The 6 April 2020, saw the introduction of the new statutory entitlement and payment of parental bereavement leave, aimed at supporting parents who lose a child under the age of 18 years.
The Parental Bereavement (Leave and Pay) Act 2018 specifies that a 'bereaved parent' can take statutory bereavement leave and applies to employees who suffer a stillbirth after 24 weeks of pregnancy or lose a child aged below 18. A 'bereaved parent' is defined based on the employee's caring responsibilities for the child to avoid excluding those who are not the child's legal parents. Further information on statutory parental bereavement pay and leave can be found on the gov.uk website.

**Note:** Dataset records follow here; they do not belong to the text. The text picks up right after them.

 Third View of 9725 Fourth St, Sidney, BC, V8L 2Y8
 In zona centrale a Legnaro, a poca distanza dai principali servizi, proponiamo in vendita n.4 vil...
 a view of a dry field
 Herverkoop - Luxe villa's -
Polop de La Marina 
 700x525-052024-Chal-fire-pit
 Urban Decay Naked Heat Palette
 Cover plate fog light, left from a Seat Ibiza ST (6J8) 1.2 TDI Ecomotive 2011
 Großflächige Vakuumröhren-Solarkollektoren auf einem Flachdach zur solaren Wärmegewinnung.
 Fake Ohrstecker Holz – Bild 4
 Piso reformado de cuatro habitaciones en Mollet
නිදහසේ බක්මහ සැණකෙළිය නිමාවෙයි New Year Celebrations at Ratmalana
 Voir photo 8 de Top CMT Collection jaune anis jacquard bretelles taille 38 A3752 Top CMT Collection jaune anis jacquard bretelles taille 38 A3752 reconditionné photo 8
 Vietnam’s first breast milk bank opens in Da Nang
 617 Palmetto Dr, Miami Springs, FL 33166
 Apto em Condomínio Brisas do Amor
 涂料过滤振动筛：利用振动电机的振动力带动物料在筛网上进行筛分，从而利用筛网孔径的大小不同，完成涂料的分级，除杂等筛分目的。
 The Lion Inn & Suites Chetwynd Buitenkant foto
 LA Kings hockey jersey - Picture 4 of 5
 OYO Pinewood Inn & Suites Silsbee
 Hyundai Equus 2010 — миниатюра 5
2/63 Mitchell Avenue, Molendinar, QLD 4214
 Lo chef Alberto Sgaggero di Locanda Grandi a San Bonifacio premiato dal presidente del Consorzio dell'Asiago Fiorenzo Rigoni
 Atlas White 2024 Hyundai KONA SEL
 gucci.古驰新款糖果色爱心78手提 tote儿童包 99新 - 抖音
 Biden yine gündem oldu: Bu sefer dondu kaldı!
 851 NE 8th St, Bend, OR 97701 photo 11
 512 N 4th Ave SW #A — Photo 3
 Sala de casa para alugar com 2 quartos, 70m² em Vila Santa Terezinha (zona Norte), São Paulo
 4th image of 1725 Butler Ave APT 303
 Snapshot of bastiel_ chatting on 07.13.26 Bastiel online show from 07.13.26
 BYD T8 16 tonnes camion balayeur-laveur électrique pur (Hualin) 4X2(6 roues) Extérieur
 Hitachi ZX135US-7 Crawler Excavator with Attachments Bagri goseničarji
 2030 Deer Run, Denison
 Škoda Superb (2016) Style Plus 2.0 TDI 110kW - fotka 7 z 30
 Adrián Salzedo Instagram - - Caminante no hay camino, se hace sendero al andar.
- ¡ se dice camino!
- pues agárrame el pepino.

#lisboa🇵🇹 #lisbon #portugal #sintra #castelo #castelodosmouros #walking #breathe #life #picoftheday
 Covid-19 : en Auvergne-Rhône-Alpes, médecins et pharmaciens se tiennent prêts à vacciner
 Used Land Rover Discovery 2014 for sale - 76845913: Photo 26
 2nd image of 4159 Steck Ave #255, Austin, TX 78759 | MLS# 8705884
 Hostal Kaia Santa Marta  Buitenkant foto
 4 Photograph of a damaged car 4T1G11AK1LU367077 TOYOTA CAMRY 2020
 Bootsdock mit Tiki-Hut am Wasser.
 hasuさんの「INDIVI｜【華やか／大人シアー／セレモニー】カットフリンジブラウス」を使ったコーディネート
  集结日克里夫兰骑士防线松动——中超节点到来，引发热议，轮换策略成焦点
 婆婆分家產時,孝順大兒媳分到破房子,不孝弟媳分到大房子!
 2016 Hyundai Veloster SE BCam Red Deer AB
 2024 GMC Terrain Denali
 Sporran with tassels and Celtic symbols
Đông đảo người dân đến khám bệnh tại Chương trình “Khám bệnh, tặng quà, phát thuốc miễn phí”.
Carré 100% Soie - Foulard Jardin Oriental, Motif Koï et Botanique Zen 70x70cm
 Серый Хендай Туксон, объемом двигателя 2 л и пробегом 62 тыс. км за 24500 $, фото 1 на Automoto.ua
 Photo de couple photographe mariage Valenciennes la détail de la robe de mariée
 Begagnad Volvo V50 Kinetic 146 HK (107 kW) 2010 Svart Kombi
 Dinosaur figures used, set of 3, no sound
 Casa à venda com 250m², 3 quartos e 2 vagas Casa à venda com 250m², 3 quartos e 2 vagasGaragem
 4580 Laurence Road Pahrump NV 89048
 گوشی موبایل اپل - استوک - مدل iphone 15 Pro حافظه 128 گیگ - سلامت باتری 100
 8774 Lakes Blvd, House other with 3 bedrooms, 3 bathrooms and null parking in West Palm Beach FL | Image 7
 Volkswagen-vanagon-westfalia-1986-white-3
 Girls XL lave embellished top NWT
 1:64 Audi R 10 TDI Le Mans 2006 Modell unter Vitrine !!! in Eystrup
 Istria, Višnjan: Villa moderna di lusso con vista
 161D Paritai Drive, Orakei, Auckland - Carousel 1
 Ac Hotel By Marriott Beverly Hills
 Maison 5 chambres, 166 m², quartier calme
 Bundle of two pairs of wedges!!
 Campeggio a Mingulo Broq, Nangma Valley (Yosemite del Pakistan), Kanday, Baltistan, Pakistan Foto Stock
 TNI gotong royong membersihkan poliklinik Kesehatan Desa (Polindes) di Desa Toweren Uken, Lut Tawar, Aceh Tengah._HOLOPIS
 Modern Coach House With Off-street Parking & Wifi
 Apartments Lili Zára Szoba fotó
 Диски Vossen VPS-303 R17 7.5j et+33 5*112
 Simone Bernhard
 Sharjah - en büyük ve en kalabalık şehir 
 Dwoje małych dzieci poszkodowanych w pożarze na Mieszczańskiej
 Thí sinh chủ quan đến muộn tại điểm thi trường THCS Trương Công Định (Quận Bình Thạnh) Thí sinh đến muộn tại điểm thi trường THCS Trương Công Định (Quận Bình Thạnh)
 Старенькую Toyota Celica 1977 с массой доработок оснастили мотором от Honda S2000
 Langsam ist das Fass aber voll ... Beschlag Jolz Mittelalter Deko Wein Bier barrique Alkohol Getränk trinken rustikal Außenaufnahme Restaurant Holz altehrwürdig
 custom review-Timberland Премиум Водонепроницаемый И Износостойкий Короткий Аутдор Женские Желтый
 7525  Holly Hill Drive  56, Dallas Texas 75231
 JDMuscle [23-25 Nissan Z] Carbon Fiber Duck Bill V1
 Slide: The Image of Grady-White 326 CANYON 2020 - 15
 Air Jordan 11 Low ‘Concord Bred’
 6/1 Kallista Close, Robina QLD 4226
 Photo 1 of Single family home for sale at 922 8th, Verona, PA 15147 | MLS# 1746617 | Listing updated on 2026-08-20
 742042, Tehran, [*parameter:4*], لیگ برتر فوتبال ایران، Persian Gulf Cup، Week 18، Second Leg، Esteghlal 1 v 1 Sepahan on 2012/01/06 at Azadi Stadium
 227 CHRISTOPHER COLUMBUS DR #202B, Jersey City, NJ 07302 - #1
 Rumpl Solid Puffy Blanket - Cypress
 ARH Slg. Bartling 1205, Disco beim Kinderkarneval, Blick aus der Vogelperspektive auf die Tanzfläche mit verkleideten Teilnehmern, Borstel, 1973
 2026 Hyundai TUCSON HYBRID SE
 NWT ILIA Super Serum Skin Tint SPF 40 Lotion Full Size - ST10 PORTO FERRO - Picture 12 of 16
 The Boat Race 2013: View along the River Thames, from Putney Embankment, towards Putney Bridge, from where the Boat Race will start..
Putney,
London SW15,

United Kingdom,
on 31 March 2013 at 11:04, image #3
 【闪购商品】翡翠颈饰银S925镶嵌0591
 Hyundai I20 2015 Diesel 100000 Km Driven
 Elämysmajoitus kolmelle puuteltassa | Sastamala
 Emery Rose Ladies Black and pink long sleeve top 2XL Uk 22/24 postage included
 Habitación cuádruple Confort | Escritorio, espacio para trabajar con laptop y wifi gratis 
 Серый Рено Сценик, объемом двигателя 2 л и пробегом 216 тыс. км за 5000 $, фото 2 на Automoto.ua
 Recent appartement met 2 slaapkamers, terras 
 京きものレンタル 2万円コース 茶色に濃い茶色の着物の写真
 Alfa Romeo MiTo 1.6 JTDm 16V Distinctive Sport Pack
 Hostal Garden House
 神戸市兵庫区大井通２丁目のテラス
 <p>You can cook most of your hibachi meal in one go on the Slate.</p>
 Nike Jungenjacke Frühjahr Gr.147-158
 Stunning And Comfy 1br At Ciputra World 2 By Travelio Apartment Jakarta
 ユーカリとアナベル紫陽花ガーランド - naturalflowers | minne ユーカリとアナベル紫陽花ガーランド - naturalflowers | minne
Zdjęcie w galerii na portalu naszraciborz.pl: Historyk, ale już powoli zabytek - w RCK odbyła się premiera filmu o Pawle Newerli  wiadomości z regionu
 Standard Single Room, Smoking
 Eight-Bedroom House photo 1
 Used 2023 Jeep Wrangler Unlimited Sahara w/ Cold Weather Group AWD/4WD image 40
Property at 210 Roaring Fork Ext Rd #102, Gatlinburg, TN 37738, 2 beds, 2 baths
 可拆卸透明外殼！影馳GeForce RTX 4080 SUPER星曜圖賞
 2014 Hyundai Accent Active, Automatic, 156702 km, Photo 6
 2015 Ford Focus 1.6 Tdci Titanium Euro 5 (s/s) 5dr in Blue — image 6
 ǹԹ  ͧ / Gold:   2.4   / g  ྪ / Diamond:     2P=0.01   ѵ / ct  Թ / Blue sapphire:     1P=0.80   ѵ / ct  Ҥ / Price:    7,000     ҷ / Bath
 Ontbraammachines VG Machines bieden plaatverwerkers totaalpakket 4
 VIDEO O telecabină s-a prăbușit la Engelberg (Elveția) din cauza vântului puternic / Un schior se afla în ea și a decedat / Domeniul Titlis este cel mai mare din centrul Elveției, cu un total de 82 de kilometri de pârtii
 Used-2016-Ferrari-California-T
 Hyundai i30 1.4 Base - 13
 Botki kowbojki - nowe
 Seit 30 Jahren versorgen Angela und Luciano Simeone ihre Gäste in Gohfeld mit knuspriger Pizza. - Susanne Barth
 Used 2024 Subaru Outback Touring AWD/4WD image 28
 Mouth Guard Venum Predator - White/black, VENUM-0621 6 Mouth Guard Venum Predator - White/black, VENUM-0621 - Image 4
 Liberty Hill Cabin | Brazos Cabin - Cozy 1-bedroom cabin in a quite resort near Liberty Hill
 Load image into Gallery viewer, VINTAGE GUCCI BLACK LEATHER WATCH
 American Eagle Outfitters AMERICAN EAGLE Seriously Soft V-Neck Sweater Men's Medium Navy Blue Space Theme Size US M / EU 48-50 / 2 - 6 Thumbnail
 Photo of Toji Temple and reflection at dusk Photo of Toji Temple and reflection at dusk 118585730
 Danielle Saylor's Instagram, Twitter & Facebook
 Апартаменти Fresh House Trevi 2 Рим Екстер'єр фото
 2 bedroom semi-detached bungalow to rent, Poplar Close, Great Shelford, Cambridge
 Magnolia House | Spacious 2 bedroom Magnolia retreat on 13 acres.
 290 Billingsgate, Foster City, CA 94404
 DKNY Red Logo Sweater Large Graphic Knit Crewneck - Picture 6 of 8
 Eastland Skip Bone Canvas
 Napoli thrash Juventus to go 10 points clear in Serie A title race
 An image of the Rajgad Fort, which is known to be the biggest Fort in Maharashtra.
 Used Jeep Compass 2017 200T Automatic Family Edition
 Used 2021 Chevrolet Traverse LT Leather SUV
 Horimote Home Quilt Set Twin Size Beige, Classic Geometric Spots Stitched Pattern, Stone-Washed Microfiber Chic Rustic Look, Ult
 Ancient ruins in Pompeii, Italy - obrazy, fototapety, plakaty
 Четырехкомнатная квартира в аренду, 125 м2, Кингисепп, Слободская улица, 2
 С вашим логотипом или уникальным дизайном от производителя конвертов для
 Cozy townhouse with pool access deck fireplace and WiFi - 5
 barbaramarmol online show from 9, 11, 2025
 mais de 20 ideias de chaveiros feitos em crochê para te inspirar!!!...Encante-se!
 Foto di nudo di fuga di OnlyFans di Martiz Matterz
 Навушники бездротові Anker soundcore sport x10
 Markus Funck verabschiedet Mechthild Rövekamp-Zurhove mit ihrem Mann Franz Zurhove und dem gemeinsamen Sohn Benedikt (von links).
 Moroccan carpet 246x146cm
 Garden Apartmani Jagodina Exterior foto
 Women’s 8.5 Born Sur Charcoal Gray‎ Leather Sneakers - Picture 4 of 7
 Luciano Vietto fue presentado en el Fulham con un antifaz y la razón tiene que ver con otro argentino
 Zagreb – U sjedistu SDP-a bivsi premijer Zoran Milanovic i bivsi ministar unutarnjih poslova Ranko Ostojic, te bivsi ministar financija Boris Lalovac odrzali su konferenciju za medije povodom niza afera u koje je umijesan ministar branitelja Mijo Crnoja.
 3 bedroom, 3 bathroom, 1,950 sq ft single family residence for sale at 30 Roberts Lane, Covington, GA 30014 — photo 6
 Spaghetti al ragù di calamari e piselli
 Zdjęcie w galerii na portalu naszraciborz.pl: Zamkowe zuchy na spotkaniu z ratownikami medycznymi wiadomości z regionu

The government has published its plans for the new points-based immigration system which will apply from 1st January 2021 to both EU and non-EU migrant workers.
Under the new system, all would-be Tier Two (General) migrants must speak English and will need an offer from an approved sponsor, for a role at the required skill level (i.e. a role requiring qualifications equivalent to A levels) and at the required salary.
The minimum salary threshold will be set at £25,600 (with no regional variation across the UK). However, in certain circumstances, the minimum salary threshold will be reduced to £20,480. There will be no need to advertise a role and no cap on Tier Two work visas.
Acas has published new guidance on non-disclosure agreements (NDAs). These commonly form part of settlement agreements with departing employees. This is the latest in a series of developments and, although the guidance does not have the same force as a statutory code of practice, it may be used as evidence in legal proceedings.
The Acas guidance discourages the routine use of NDAs. It also states that a worker should be given a reasonable time to consider the agreement carefully and makes it clear that NDAs should not be used to stop someone from:
- Reporting discrimination or sexual harassment at work or to the police.
- Disclosing a future act of discrimination or harassment.
Details of the government’s proposed legislation on confidentiality clauses are awaited.